The Baltimore Ravens fired offensive coordinator Cam Cameron on Monday following a crushing late game collapse against the Washington Redskins. While the timing of Cameron’s firing was curious and spelled of desperation the result was celebrated by many Ravens fans. Cameron’s offenses had been inconsistent, his play calling often baffling, and his in-game adjustments seemingly non-existent in just less than five seasons.
The fact that Cameron was dismissed the day after his team scored 28 points on the road says something about the depth of Baltimore’s offensive dysfunction. The loss to Washington could’ve been blamed on the Ravens injury-riddled defense. Baltimore has operated without major contributors on defense for much of the season and was down to its third string middle linebackers against the Redskins. The fact that the Ravens defense surrendered late game leads in consecutive weeks is no great shock to anyone who has watched the team throughout the season.
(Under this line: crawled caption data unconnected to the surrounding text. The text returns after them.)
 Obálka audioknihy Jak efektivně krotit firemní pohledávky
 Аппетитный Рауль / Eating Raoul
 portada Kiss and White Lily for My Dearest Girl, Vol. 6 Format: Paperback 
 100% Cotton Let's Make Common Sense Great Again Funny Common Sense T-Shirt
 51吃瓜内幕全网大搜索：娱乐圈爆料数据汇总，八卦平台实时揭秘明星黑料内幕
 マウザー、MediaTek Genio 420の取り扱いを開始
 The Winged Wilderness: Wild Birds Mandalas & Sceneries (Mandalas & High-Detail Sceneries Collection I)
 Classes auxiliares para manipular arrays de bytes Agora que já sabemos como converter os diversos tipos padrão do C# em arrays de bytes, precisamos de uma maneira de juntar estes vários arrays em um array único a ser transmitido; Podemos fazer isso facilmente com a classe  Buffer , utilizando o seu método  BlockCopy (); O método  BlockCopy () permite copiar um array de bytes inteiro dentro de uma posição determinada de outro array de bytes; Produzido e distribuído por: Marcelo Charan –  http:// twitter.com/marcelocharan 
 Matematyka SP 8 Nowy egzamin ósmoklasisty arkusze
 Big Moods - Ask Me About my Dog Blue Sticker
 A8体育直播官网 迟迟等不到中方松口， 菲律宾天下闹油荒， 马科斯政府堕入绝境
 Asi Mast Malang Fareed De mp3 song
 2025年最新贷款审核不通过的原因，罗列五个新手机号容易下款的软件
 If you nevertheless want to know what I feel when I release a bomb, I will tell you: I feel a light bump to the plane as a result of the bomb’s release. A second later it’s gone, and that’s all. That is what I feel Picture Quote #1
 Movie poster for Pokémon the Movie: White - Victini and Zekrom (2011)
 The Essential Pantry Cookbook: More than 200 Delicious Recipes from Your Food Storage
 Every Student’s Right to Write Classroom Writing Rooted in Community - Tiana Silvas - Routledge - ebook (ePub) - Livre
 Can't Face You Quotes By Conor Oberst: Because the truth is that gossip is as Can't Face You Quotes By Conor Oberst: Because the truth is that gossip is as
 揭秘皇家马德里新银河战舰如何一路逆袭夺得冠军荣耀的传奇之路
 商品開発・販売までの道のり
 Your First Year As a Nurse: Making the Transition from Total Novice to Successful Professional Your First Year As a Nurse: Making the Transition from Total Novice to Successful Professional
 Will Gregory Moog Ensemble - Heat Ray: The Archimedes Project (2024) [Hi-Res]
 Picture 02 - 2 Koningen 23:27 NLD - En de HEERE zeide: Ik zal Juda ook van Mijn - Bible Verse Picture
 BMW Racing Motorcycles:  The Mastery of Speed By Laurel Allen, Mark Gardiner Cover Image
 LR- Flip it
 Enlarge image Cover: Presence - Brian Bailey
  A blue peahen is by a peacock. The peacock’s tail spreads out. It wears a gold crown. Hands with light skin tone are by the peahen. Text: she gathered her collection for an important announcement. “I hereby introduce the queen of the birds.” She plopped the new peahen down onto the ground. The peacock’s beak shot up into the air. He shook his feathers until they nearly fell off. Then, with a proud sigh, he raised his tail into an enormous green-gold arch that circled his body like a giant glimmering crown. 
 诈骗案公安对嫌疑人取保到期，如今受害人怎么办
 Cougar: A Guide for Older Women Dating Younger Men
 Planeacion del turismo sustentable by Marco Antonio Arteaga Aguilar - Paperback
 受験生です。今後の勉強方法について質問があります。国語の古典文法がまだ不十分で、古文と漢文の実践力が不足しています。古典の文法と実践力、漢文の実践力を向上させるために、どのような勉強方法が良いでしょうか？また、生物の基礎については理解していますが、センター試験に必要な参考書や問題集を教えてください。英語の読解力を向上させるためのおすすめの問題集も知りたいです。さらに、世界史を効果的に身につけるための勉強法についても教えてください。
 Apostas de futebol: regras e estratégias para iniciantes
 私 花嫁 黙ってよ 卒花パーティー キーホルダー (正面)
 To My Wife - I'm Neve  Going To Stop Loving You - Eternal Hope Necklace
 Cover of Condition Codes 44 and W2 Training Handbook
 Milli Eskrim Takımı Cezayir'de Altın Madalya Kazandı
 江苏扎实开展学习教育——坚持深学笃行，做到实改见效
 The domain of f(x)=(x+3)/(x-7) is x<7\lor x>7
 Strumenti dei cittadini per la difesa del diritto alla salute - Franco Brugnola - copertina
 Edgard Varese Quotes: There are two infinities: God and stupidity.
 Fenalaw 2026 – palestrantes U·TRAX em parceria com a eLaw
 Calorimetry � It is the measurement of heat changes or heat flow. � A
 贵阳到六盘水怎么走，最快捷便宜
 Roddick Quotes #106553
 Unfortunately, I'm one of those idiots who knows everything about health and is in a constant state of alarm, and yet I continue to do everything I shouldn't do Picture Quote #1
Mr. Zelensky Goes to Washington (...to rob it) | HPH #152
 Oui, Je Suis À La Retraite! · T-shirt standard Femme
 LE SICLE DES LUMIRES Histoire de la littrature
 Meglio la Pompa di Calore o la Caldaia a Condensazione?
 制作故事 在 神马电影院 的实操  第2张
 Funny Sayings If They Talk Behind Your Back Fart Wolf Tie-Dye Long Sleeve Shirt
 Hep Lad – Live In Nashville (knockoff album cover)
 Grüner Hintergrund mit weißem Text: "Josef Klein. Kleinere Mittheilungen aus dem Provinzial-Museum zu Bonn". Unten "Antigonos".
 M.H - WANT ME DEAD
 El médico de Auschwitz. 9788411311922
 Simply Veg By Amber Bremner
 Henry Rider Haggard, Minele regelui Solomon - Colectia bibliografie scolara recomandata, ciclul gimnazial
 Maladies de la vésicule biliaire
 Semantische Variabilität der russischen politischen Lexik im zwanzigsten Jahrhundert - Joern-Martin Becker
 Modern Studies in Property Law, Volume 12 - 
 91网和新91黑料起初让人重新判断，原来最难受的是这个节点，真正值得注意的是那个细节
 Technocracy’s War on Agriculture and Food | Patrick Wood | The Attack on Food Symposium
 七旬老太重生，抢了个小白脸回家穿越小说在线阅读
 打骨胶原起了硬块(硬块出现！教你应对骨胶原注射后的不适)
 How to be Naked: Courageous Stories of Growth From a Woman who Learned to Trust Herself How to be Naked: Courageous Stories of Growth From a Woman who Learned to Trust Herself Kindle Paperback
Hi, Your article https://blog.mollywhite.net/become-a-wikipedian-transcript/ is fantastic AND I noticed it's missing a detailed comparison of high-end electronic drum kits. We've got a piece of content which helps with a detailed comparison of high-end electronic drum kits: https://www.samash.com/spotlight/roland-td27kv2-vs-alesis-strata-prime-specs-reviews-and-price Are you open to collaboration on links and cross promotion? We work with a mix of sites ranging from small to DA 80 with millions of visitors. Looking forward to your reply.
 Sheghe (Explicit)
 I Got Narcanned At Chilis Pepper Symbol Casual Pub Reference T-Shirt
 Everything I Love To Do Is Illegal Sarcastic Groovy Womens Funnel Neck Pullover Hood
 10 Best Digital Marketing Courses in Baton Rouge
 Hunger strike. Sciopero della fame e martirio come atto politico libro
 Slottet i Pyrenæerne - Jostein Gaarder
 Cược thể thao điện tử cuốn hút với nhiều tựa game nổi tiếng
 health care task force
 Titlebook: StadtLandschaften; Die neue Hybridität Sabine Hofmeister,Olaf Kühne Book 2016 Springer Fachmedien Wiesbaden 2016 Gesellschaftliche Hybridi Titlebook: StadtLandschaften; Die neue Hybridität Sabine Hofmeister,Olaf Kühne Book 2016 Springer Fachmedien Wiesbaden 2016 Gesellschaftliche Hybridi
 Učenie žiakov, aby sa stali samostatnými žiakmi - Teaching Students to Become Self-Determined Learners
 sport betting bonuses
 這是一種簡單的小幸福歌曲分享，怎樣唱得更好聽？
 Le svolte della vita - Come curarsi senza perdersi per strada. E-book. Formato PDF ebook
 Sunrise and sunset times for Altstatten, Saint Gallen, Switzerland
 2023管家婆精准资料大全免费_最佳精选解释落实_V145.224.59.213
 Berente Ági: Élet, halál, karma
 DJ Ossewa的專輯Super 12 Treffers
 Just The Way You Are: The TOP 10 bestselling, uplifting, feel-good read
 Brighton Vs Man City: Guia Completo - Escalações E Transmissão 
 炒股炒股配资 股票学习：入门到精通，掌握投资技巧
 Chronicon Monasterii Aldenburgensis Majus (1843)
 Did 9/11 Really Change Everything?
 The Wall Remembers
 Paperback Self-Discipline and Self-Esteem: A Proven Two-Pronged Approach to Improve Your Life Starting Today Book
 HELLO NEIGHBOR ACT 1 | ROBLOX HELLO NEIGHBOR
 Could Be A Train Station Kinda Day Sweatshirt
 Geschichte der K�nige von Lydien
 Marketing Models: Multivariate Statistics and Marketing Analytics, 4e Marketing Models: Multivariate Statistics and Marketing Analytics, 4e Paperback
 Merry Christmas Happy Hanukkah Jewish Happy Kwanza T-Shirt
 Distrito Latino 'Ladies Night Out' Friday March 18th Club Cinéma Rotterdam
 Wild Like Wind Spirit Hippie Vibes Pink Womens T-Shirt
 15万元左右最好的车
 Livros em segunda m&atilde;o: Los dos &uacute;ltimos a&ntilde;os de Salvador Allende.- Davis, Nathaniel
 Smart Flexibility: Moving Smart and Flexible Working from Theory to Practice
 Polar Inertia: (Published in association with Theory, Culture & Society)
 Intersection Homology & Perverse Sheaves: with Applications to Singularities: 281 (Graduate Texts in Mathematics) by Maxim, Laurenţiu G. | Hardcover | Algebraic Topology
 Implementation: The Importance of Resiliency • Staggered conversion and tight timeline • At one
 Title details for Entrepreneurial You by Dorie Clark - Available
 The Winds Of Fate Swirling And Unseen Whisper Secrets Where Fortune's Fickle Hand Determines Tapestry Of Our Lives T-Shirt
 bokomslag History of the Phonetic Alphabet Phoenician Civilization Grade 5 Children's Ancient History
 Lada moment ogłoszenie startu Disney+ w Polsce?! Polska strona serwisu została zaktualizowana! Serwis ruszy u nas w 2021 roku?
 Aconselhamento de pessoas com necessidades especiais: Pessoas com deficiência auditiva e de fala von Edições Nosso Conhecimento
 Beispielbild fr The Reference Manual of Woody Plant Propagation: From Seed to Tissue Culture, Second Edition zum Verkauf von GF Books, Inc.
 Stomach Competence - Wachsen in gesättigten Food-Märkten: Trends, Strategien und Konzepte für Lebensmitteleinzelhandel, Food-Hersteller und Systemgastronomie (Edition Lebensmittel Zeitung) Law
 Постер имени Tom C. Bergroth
Despite the defensive struggles fans have always been quick to point the finger of blame at Cameron and QB Joe Flacco. Ravens fans are so accustomed to the team’s defense bailing out the offense that the former’s struggles have largely been brushed aside. The Ravens knew that this would be a transitional year for the defense. The team lost four major contributors to free agency and figured to be without OLB Terrell Suggs for much of the season as he rehabbed from offseason surgery. The early season injuries to LB Ray Lewis and CB Lardarius Webb further weakened the Baltimore defense.
After surrendering late game leads to the Charlie Batch-led Steelers and the Redskins in consecutive weeks one would assume that defensive coordinator Dean Pees would be on the chopping block. Canning Dean Pees would have been punitive and had little effect on the field. A new defensive coordinator wasn’t going to make Lewis, Suggs and Webb healthy. Instead it was Cameron who got the axe.
Perhaps the Ravens’ disjointed final drive of Sunday’s first half was the final straw for coach John Harbaugh. Flacco’s visible frustration with Cameron, and his looming contract situation, likely played a major role in Cam’s ouster as well. Flacco has been successful in his five seasons in Baltimore but the same inconsistencies that have troubled the fan base have likely frustrated the quarterback. Flacco is a free agent following the season and it’s arguable that Cameron’s offense wasn’t making the most of the QB’s talents. Flacco is going to get big bucks from the Ravens, or someone else, but Cameron may have been limiting his earning potential.
Replacing Cameron now gives Baltimore a bit of a jolt heading into the season’s final stretch. Management may be hoping that the change lights a fire under the entire team. Rumor has it that Cameron was about as popular with the team as he was with fans. The move also gives the Ravens a chance to audition Jim Caldwell for the offensive coordinator job for next season. Flacco will be under more pressure than ever. The Ravens can slap the franchise tag on Flacco after the season and give him a full season with a new coordinator before deciding to commit close to $100 million to a QB who still struggles with consistency and backside sensing pressure.
I’m not one of those fans who scream for coaches to lose their jobs but it was time for a change. The Ravens were right to remove Cameron but the problem is they did it about 14 months too late. The Ravens aren’t going to suddenly get younger or healthier on defense. The defensive unit is a banged-up shell of its former self. The only way Baltimore can achieve postseason success this season is with an efficient, high-scoring offense. Despite the team’s success over the past five seasons Cameron was never able to deliver the type of offensive efficiency required to make Baltimore an elite team. While it’s unlikely that Caldwell is going to turn the Ravens into the Patriots over the next three weeks it’s worth a shot.
Cam Cameron is out, Jim Caldwell is in, and the fans of Baltimore can now begin their search for a new scapegoat.